[Short descriptive text snippets]
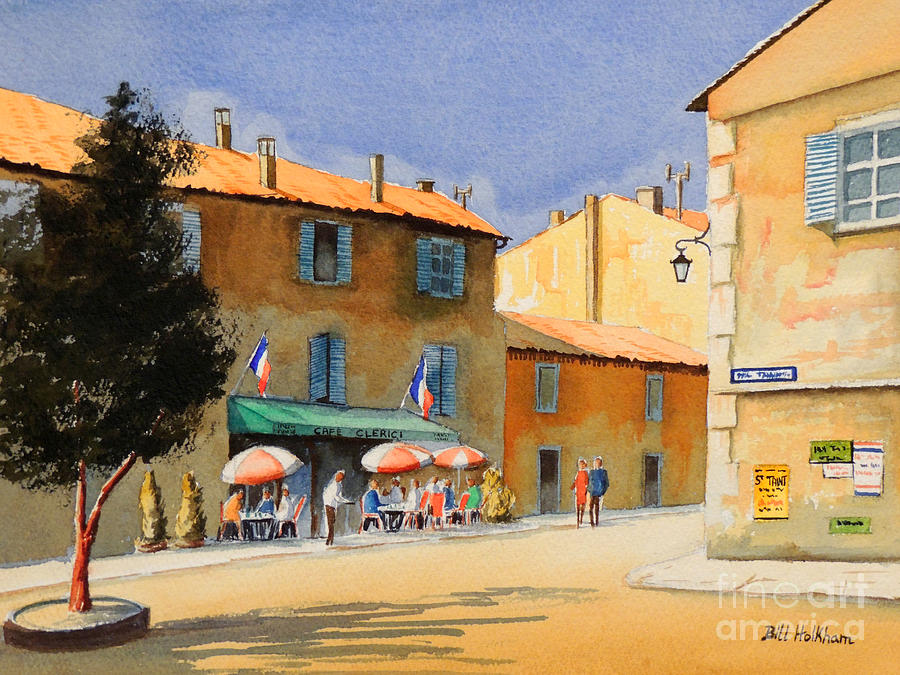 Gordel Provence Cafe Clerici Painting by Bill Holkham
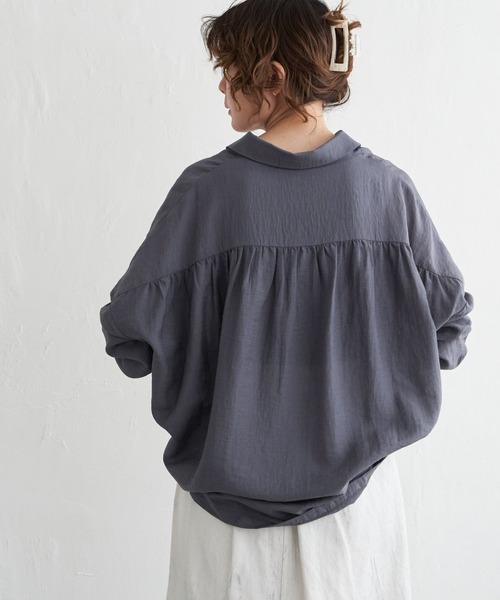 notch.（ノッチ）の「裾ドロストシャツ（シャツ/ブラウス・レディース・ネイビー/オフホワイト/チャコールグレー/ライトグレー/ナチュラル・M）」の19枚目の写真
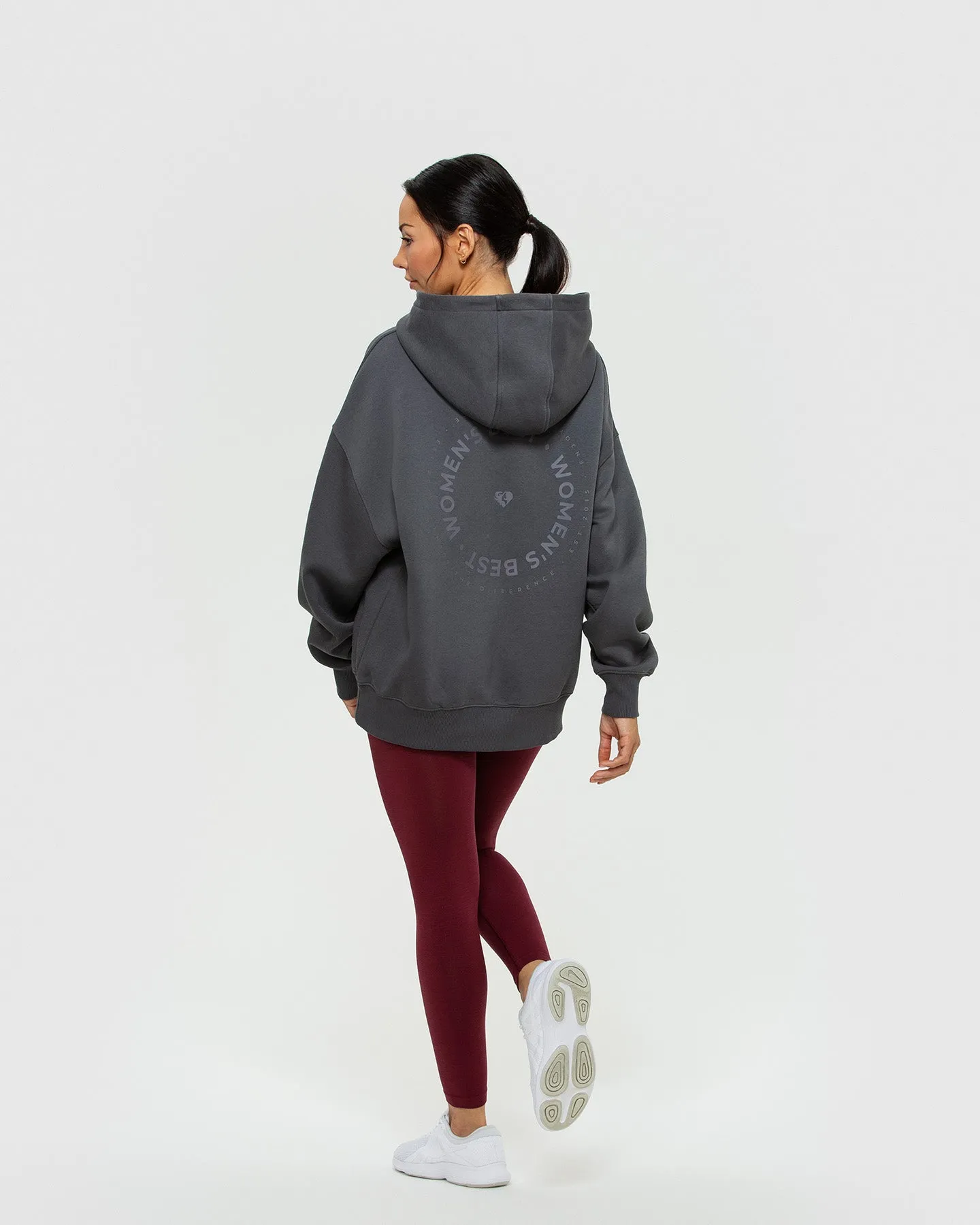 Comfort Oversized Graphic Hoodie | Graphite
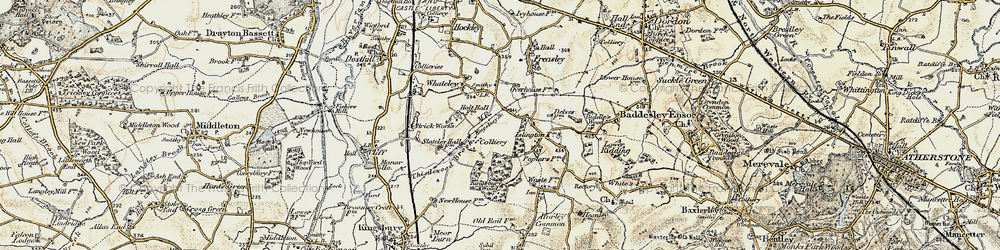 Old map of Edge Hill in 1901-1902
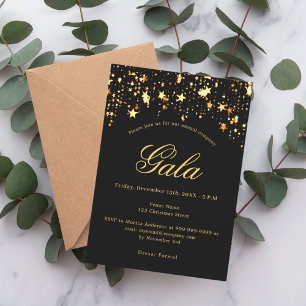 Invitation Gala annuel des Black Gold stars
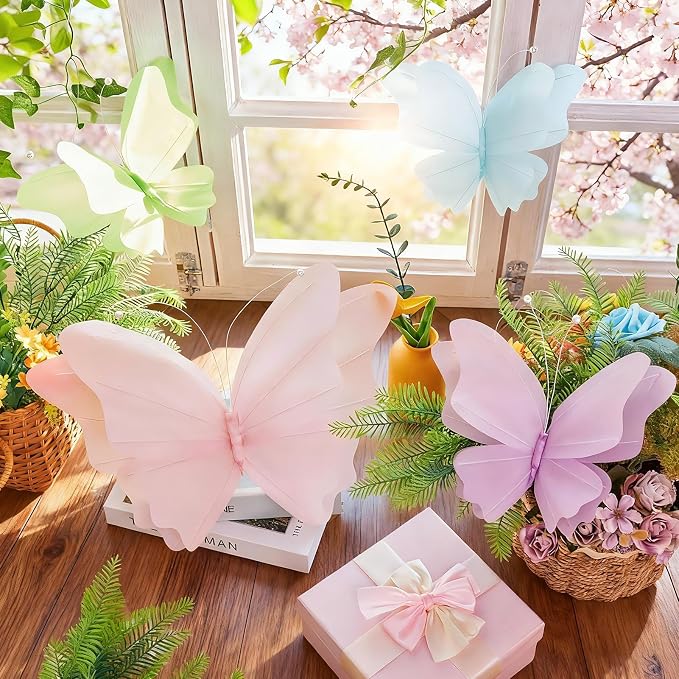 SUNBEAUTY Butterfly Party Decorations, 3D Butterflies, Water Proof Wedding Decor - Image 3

*Instructions to follow*: A word-for-word copy is required of the lines above from the line with "Comfort Oversized Graphic Hoodie | Graphite" through the last line of the data; no other lines and no pictures belong in it.

*Exercise output*:
 Comfort Oversized Graphic Hoodie | Graphite
 Old map of Edge Hill in 1901-1902
 Invitation Gala annuel des Black Gold stars
 SUNBEAUTY Butterfly Party Decorations, 3D Butterflies, Water Proof Wedding Decor - Image 3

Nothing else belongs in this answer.